Why buy apples from New Zealand when we grow our own in the UK?

Sourcing things locally is a default setting to guarantee a low environmental impact, especially in this instance when you apply it to food. The problem is that we are now applying this over simplified approach to an increasingly wider range of products and industries. The result is a widespread generalisation that locally sourced produce is automatically “greener” because of the small distance it has been transported. 

I think this is a dangerous assumption and is hugely dependent on how you define “local” and what type of transport is used to move that produce from A to B.  

Wood products are a case in point.  Raw material and finished product are moved all around the world by sea freight and as the AHEC LCA studies confirms, the environmental impact of this is far lower than other forms of transport such as rail and road. 

The initial Life Cycle Inventory (LCI) data on U.S. hardwood lumber exported to Europe, confirms that forest extraction and the sawmilling process make up a small part of the overall impact and that it is the kiln drying of the lumber, not the transport, that is the biggest factor in determining impacts such as Global Warming Potential (GWP) in the production of timber-based products.

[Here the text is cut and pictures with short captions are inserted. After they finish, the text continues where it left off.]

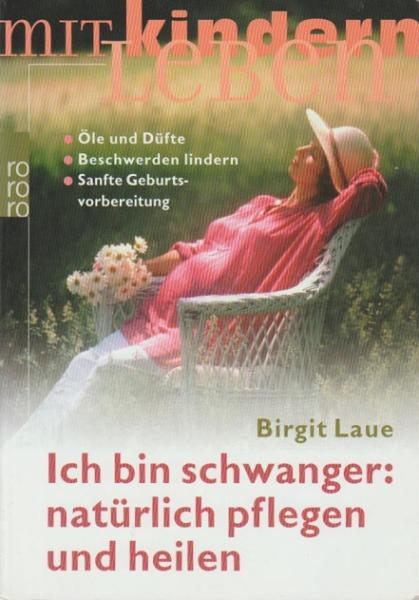 Ich bin schwanger: natürlich pflegen und heilen : Öle und Düfte, Beschwerden lindern, sanfte Geburtsvorbereitung.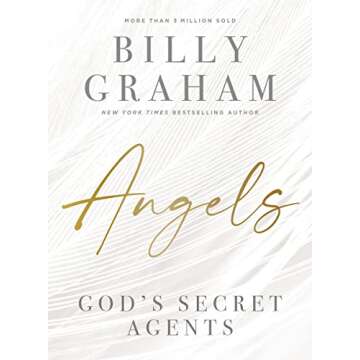 Angels: God’s Secret Agents - Discover the Power of Divine Assistance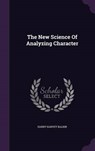 The New Science of Analyzing Character - BALKIN,  Harry Harvey - 9781343365919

In fact, transporting American hardwoods by ship 6000km across the Atlantic Ocean requires little more energy than an overland journey of just 500km.

Importing white oak lumber from the East Coast of the USA to the UK may have a lower transport footprint than bringing a truckload of European oak all the way by road from Croatia. So avoid the trap of assuming that buying ‘local’, European hardwood is always better for the environment than importing hardwood species from the USA. 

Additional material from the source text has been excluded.